TASK:
Below are entries with pictures in them. Output exactly the lines starting at the line with "Sarah Pechinger von" and ending at the line with "Luxus Shanghai Lifestyle", both included, but not the pictures.

DATA EXTRACTS:
----

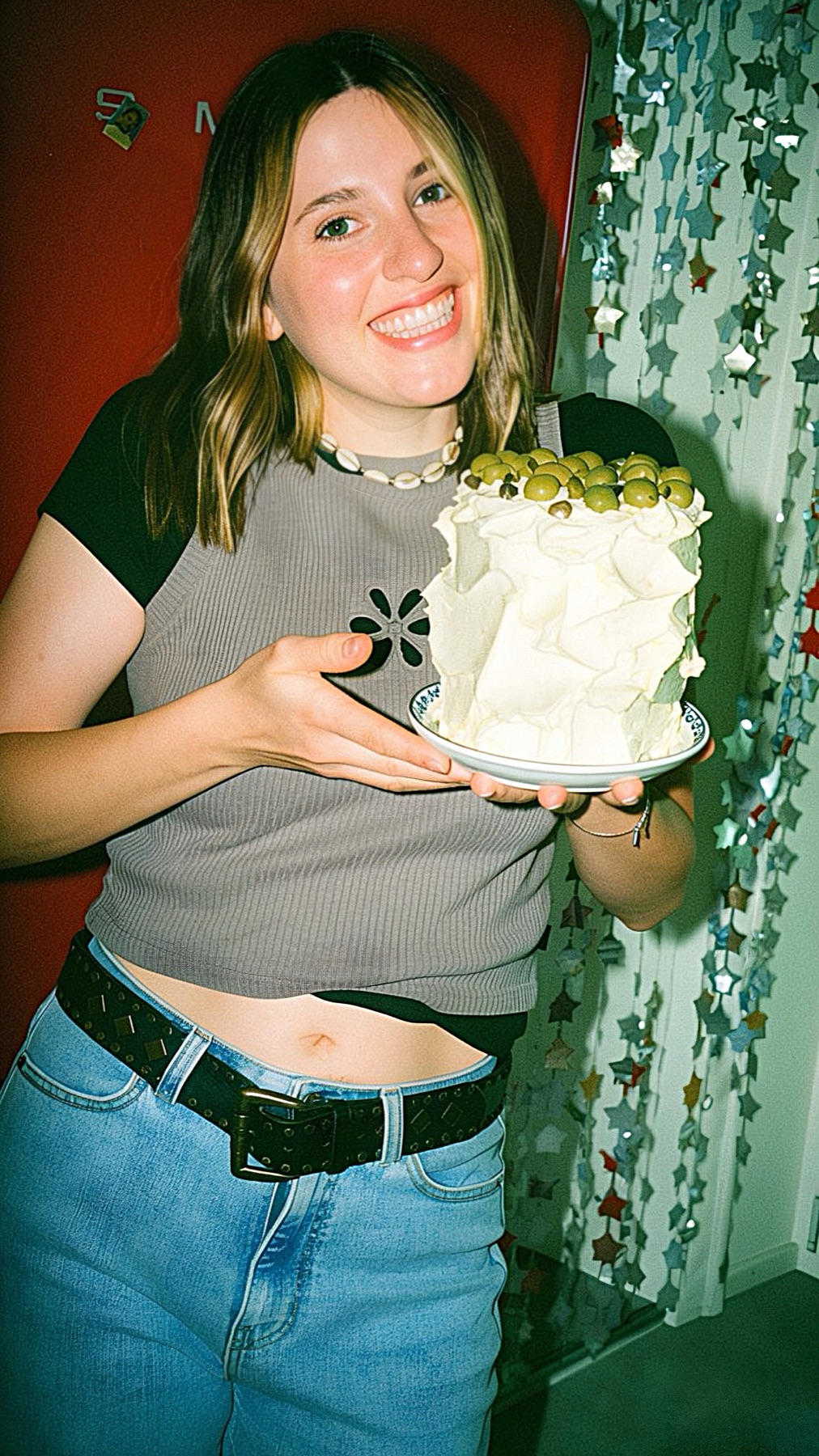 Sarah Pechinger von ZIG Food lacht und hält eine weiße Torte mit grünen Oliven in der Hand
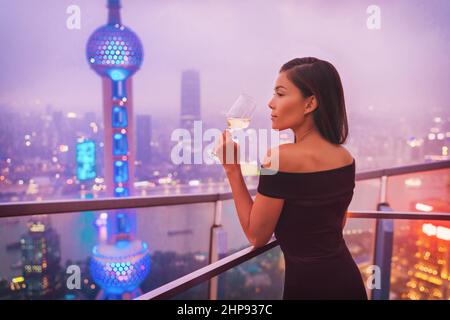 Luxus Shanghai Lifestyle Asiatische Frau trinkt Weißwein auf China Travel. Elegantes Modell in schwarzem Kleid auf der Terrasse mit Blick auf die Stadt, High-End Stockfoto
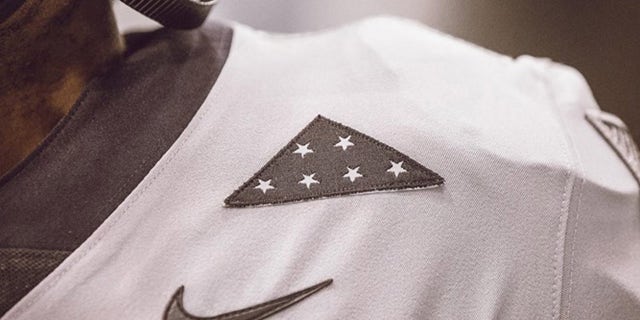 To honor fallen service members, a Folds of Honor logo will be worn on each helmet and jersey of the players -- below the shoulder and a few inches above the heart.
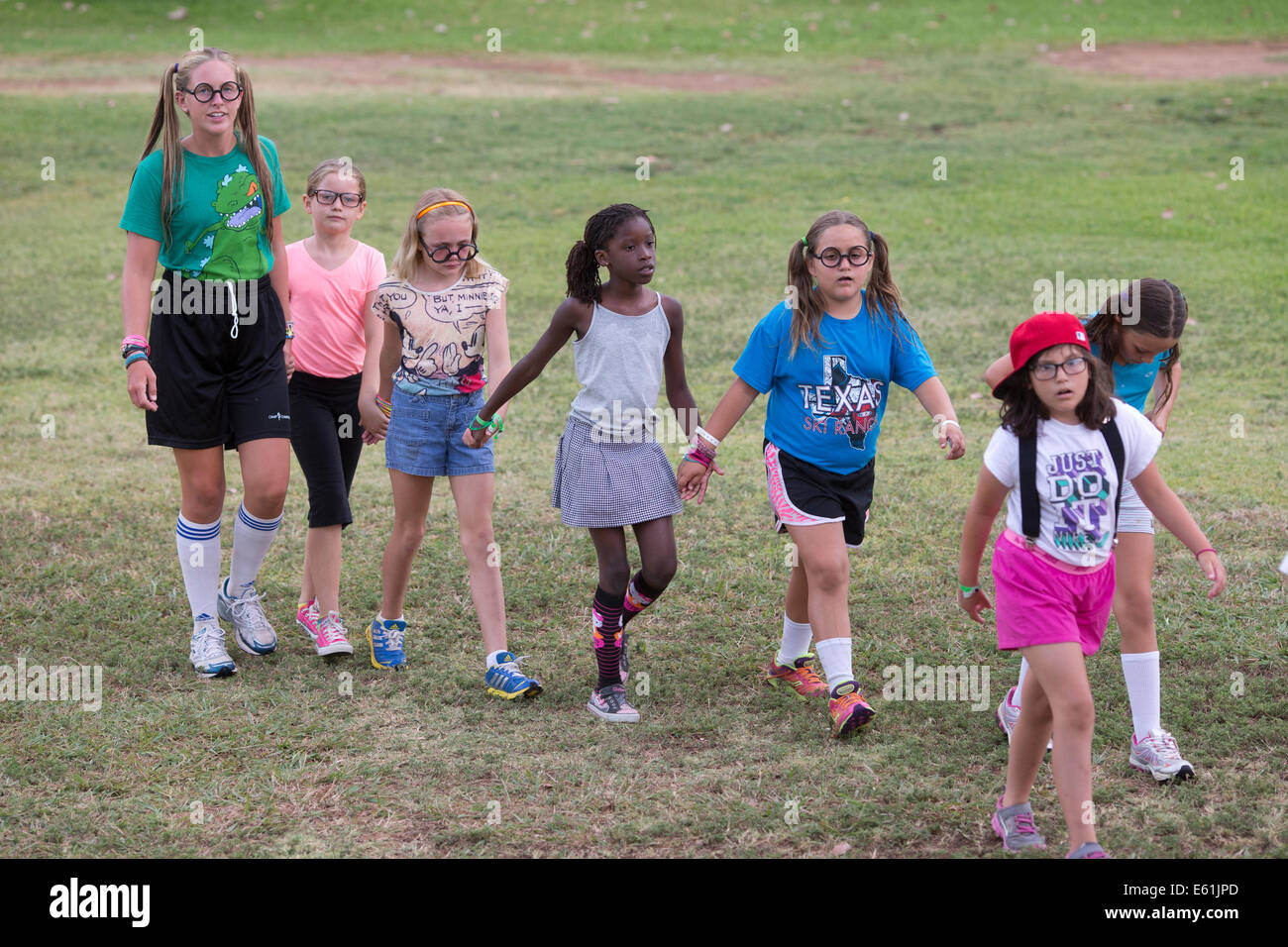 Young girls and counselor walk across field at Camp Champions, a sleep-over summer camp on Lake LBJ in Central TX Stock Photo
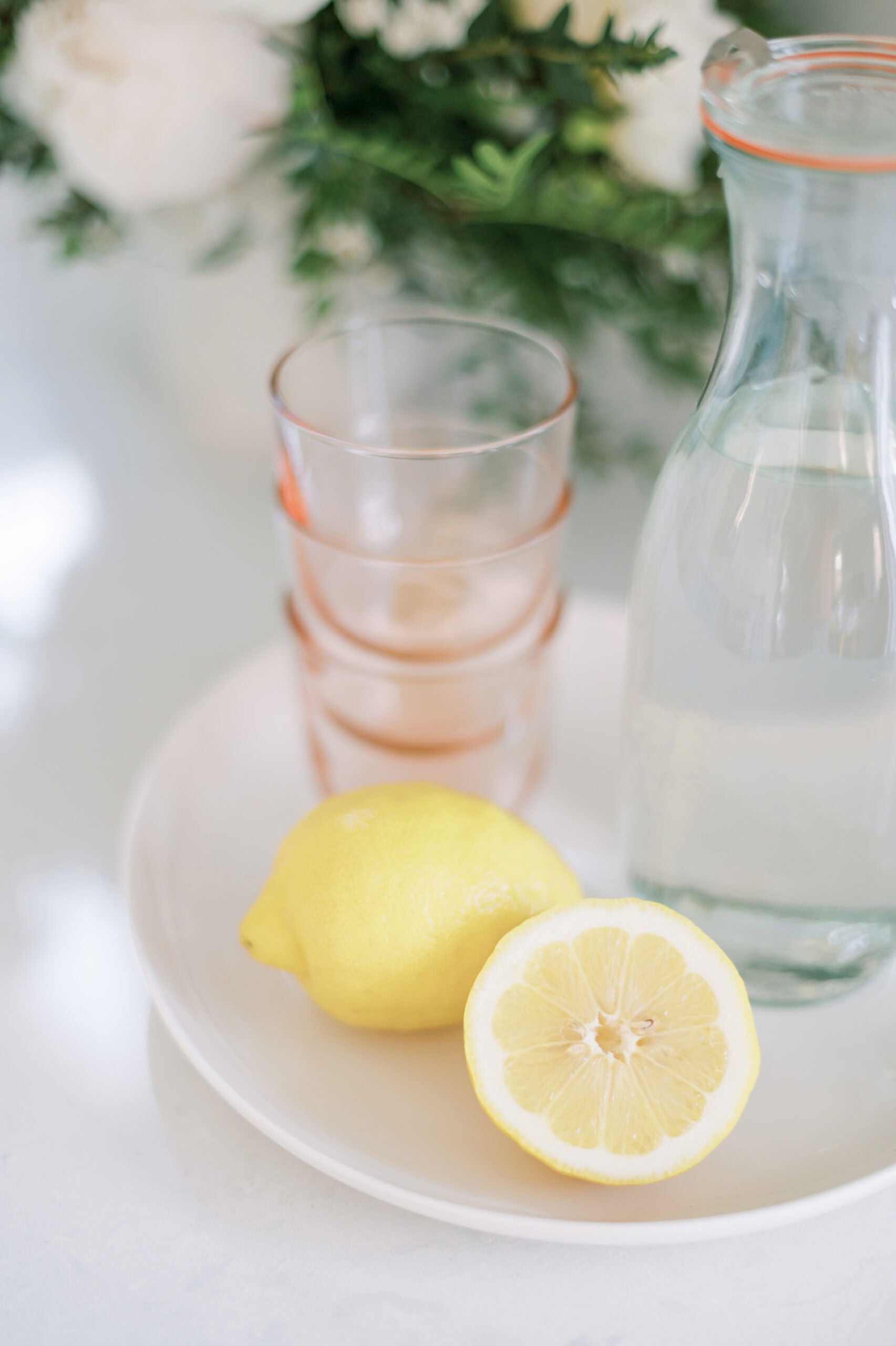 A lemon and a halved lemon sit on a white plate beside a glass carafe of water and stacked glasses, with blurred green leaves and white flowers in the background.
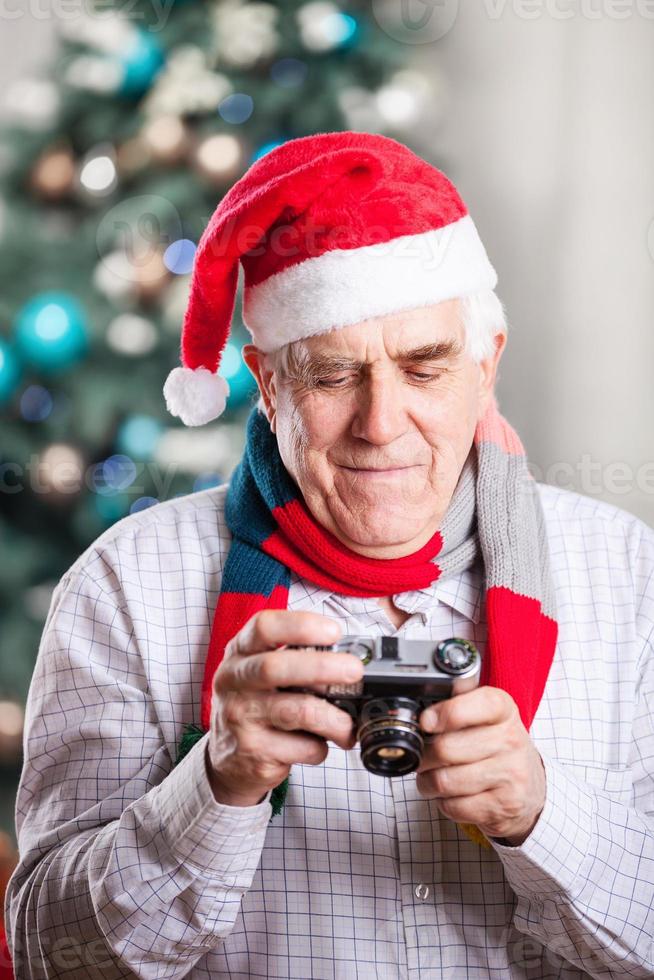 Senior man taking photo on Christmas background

----

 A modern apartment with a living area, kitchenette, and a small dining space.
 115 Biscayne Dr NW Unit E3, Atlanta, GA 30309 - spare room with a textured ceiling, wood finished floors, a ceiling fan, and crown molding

----

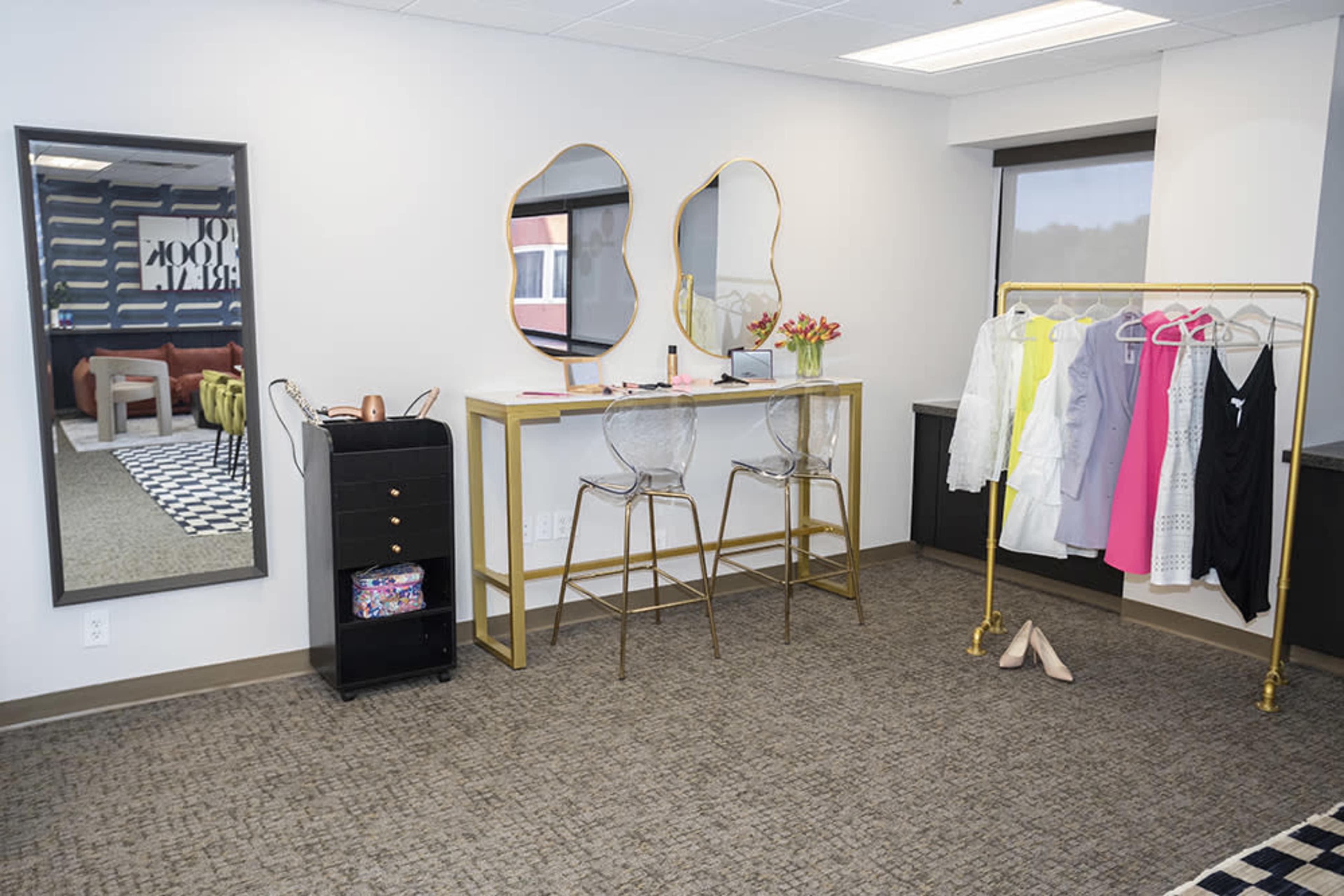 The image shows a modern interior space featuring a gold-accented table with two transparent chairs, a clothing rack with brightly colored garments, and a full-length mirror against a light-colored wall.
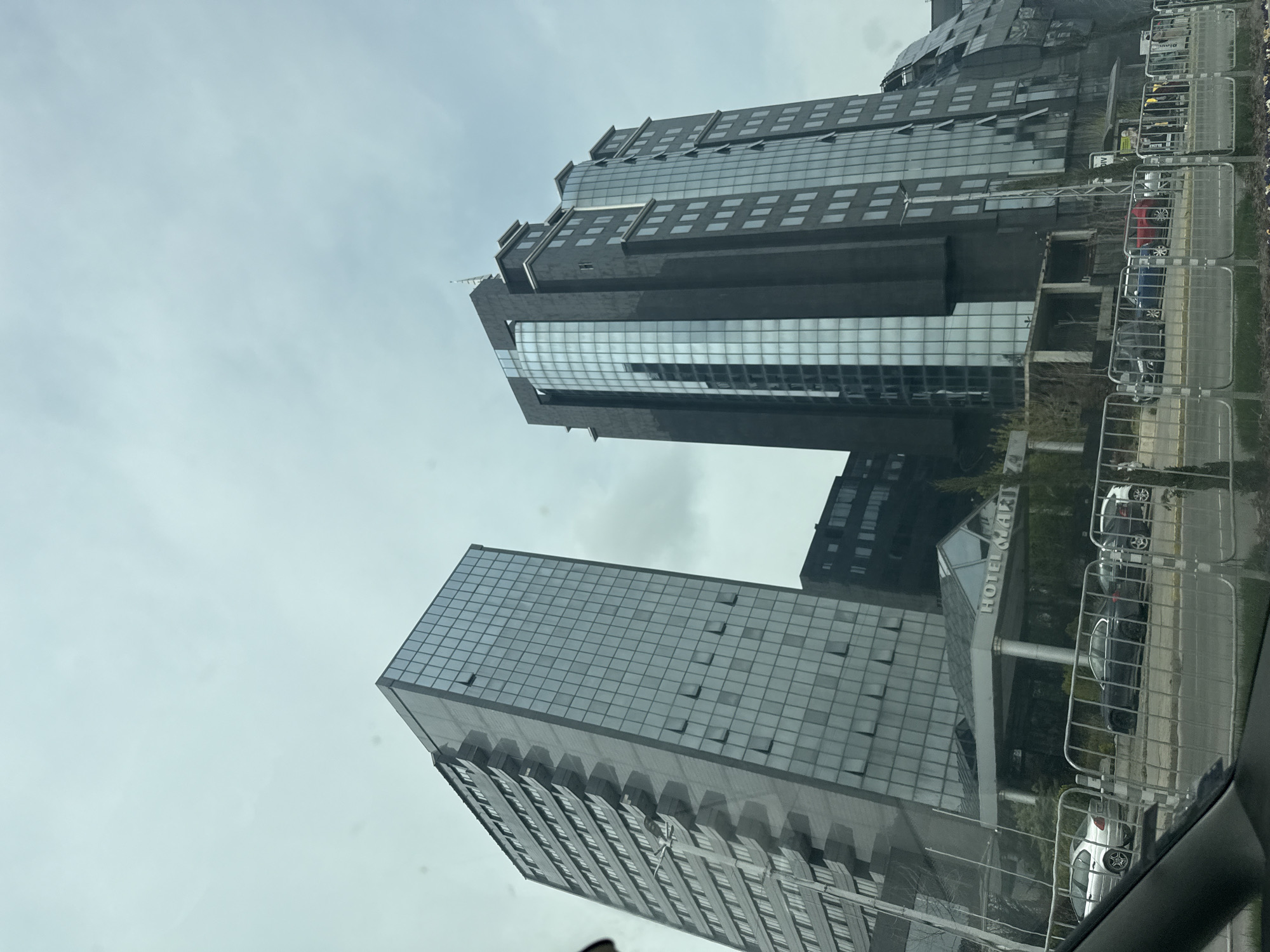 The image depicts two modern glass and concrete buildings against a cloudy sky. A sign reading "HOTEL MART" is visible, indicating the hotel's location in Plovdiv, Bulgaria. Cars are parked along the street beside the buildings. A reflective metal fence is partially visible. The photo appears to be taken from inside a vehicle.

----

TASK RESPONSE:
 Sarah Pechinger von ZIG Food lacht und hält eine weiße Torte mit grünen Oliven in der Hand
 Luxus Shanghai Lifestyle Asiatische Frau trinkt Weißwein auf China Travel. Elegantes Modell in schwarzem Kleid auf der Terrasse mit Blick auf die Stadt, High-End Stockfoto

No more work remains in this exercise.